It works for me with : java version "1.4.1_01" Java(TM) 2 Runtime Environment, Standard Edition (build 1.4.1_01-b01) Java HotSpot(TM) Client VM (build 1.4.1_01-b01, mixed mode) on Win 2K, Service Pack 2 However, I wonder whether what is really happening is not that rmid has been fixed to close its stdout and stderr properly. I tried also with cvs log (which I am doing over ssh), and did not reproduce the problem. So the next question is : how can one create a test class or a shell or Perl script or C program which does not close properly its stdin/stderr streams, so that the problem can be "lab studied" ? Without a possibility to reproduce the problem, this should be closed as WONTFIX or WORKSFORME.
Hi, I mark this bug as resolved for ant 1.6 since nobody has voiced remarks.
bug is still present in 1.6 aand it cause problems for NetBeans 4.0 execution (NetBeans 4.0 build system is now based on Ant). See bug: http://www.netbeans.org/issues/show_bug.cgi?id=49489 simple case I've described before is still reproducible but better try to execute notepad instead of rmid: public static void main(String args[]) throws Exception { Runtime.getRuntime().exec("notepad"); System.out.println("finished"); }
Hi Adam, I do not follow your example with notepad. The Runtime.getRuntime().exec("notepad") will not return until the notepad process stops.
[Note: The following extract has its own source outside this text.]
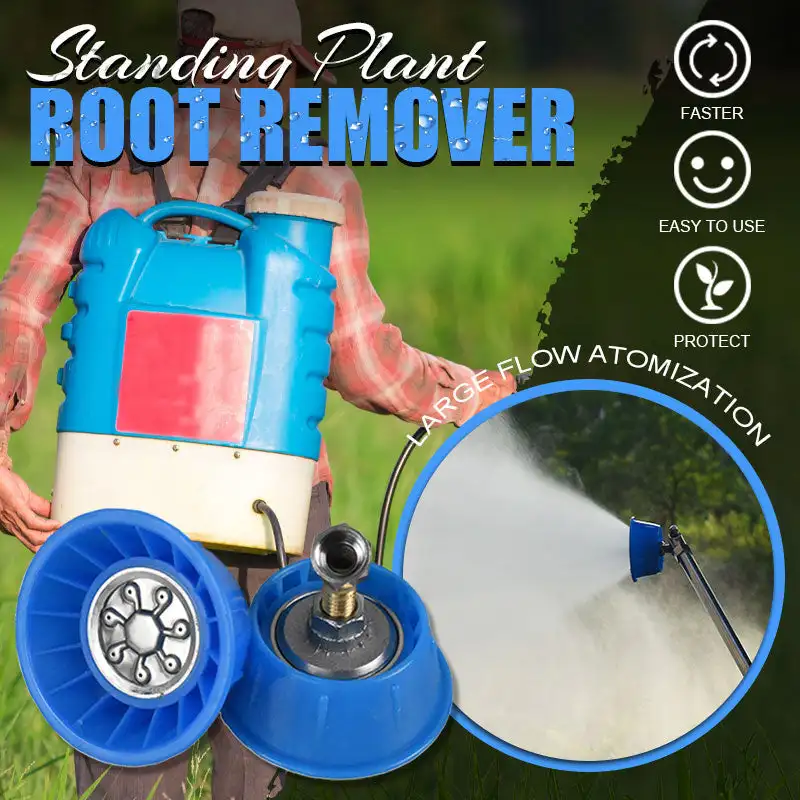 Rotating Atomizing Nozzle Head Sevenhole Garden Irrigation High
Hi Peter, I do follow, the exec method starts the process and returns. Did you tried that ? BTW: part of the Runtime.exec javadoc: "Executes the specified string command in a separate process."
Notepad is special; it is a GUI app. If you look at how windows execs guis, it does *odd* things, things that only make sense from a historical perspective. try on a command line app instead of notepad.
Adam, I still do not follow. Ant exec is not the same as just calling process.exec(). It's job is to start the process and handle it's input and output <file descriptors|handles> and wait for it to finish. One can use the "spawn" attribute to spawn off the process and not care about it. note, the notepad program is not the issue the follows also works in unix: public class Test { public static void main(String[] args) { try { Runtime.getRuntime().exec("emacs"); System.out.println("finished"); Thread.sleep(10 * 1000); } catch (Exception ex) { ex.printStackTrace(); } } } The parent process of the emacs process is the java program, and when it dies, the parent process becomes the init process.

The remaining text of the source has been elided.